Nobody's home

September 06, 2004

TO THEIR CREDIT, Baltimore city housing crews have found a way to frustrate squatters who pry their way into abandoned houses: a double truck of plywood secured with special screws and glue. But it took them a year to clear out a backlog of 2,300 requests for such action.

That gives you an idea of how widespread the problem of vacant houses is.

Property owners' negligence contributes mightily to the use of these houses as drug dens and havens for vagrants; their failure to maintain their properties or board them up violates city housing codes. And the city pays the price - in time, money and blighted neighborhoods.

At the very least, the city should require property owners to doubly seal windows and doors in vacant houses to better secure them in the manner of city work crews. It also should impose harsher fines and penalties on negligent owners in order to recoup the city's cost of boarding up vacant homes and to deter repeat offenses.

But often the city has trouble identifying and locating an owner because he or she has abandoned the property or died, or the house is registered to a defunct corporation. To combat that problem, the city housing agency has created a special team of investigators to do nothing but track down owners.
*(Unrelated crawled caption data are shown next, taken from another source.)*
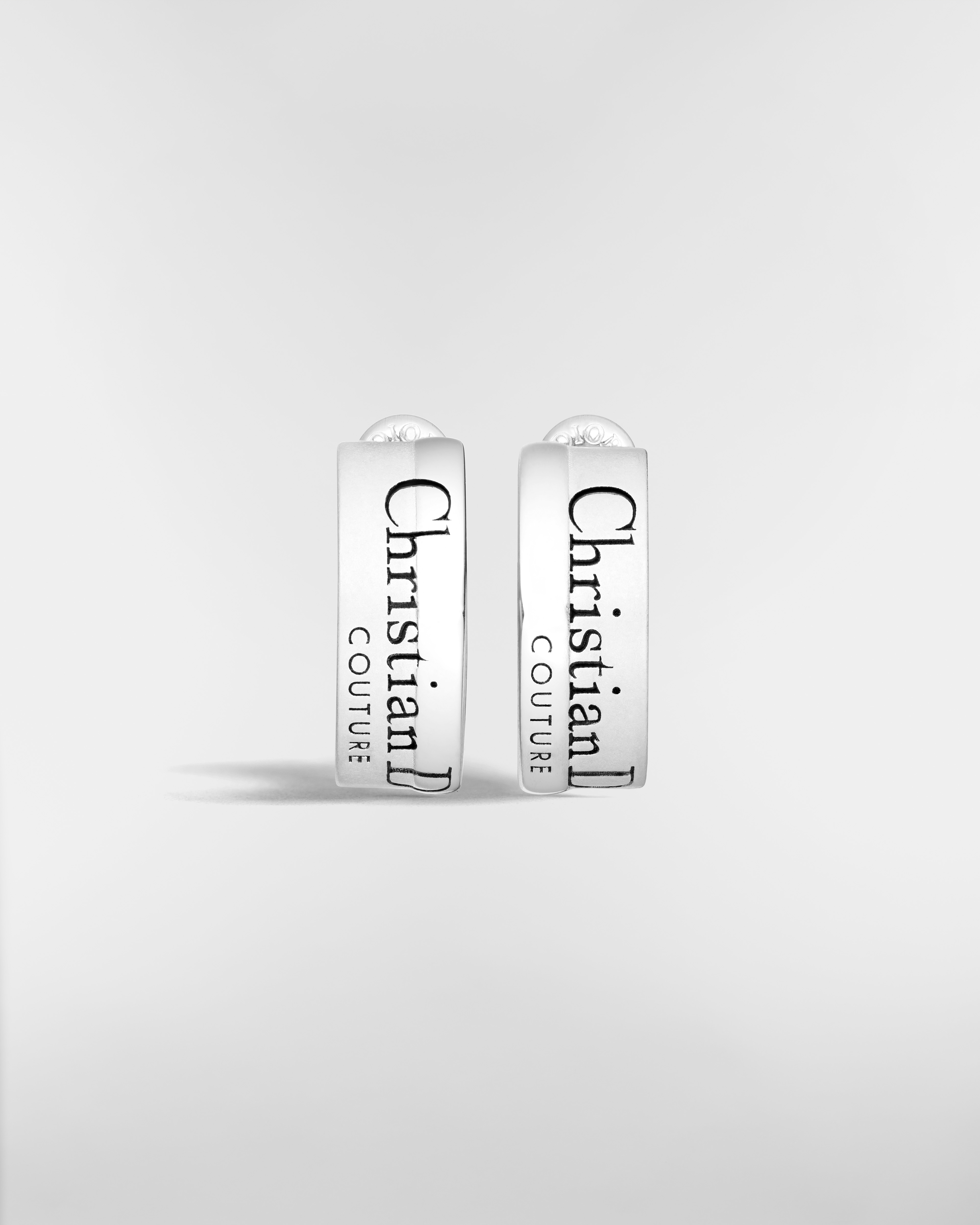 Christian Dior Couture Cut Earrings Silver and Black Resin E01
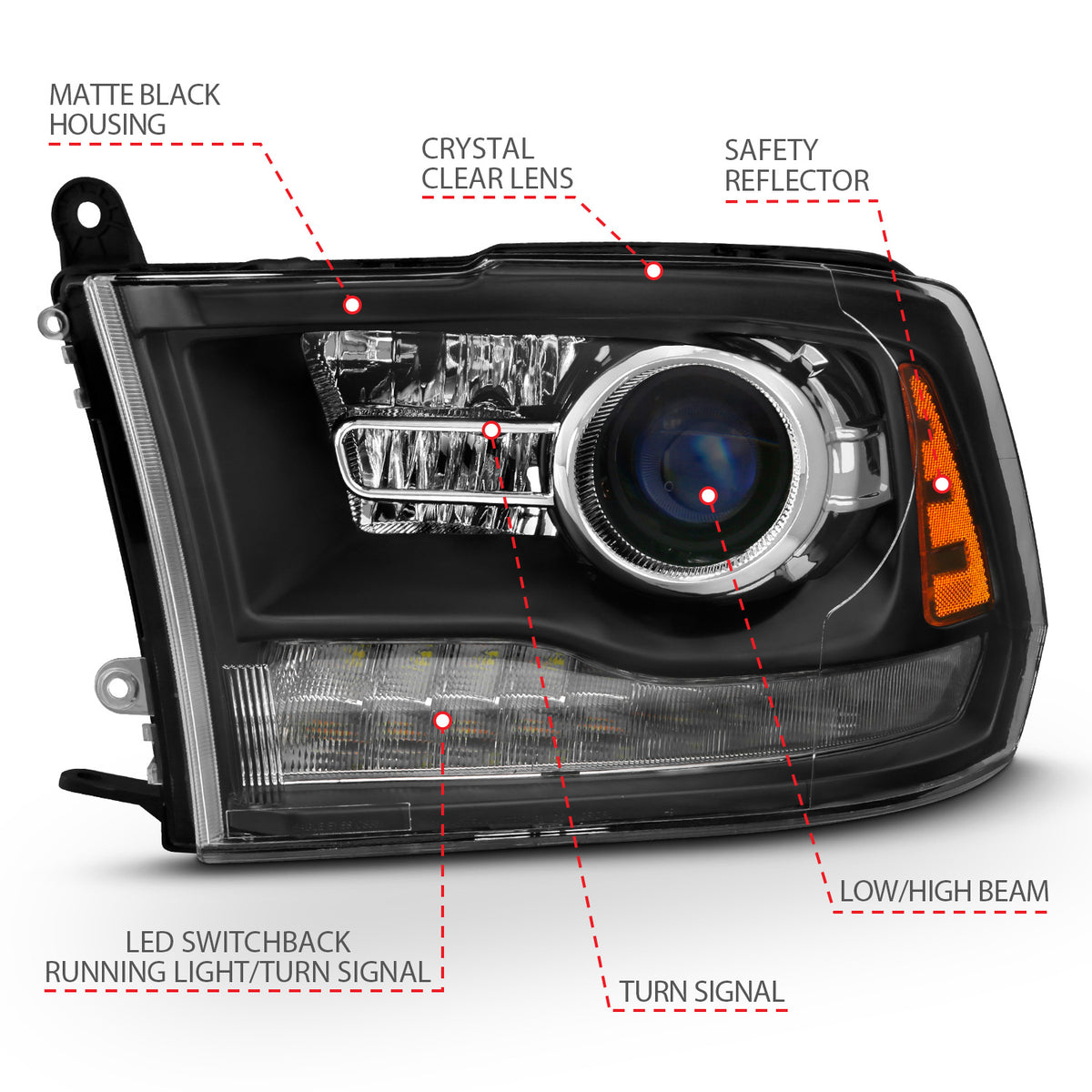 Projector Headlights Plank Style Switchback Matte Black Housing Clear Lens PairRam 1500/2500/3500 2011-2018 AnzoUSA-3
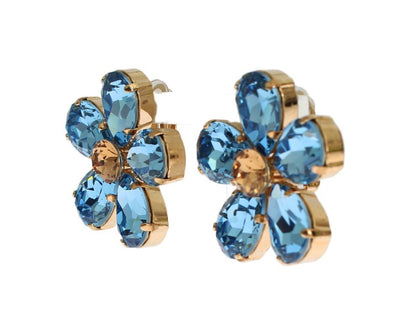 Gold Brass Floral Blue Crystal Large Clip On Sicily Earring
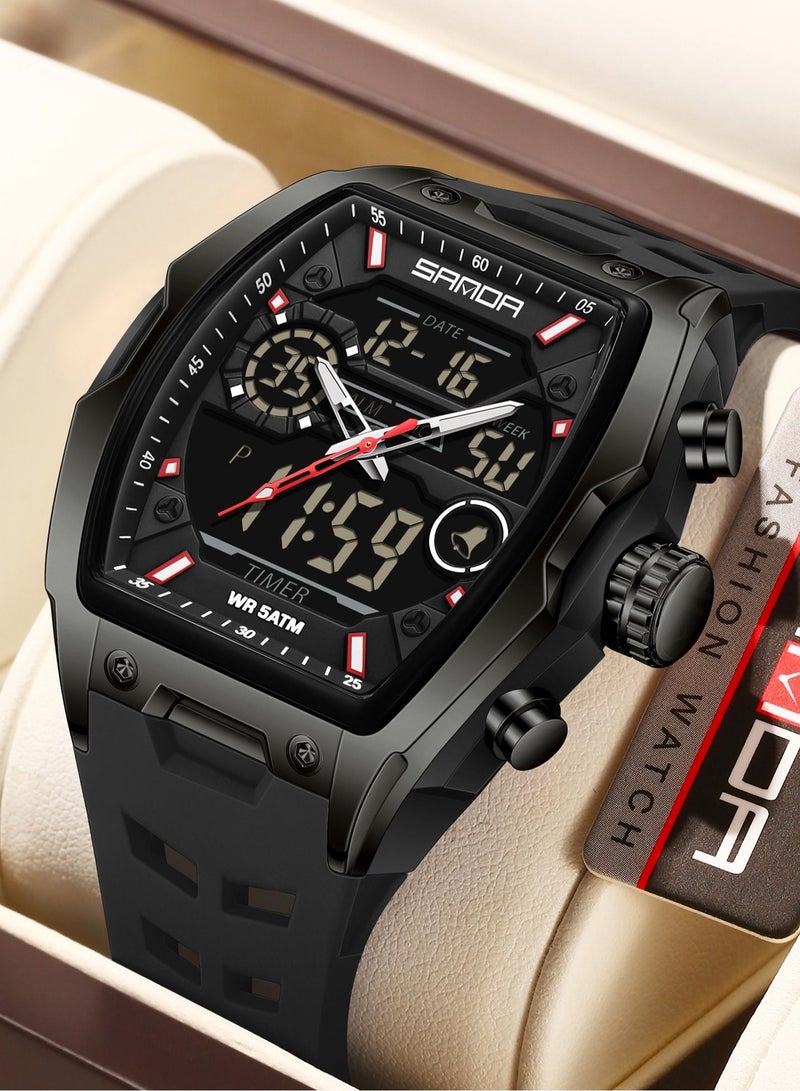 Sanda Men Electronic Watch Big Dial Sports LED Analog Digital Dual Display Man Wristwatch - Image 2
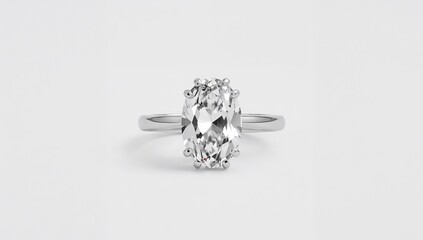 Oval shaped center stone ring offering smooth elongated elegance on plain white background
Rather than throwing up their hands, housing officials have adopted an aggressive, targeted approach that should speed up enforcement actions.

That's the kind of creative thinking needed to get at an intractable problem.

If housing inspectors can find and cite these derelict property owners for code violations, they can exact fines of up to $500 a day if owners don't comply with a violation notice.

The problem of vacant houses has been a scourge on Baltimore for decades. There are at least 14,000 now. They are magnets for vagrants, drug dealers, rodents and trash. They are a never-ending source of public complaints that consume thousands of municipal manpower hours. Consider this: There remains a backlog of 8,000 requests for the city to clean trash and debris from vacant properties.

It's a backlog that Baltimore housing officials don't expect to be able to clear - for another year, at least.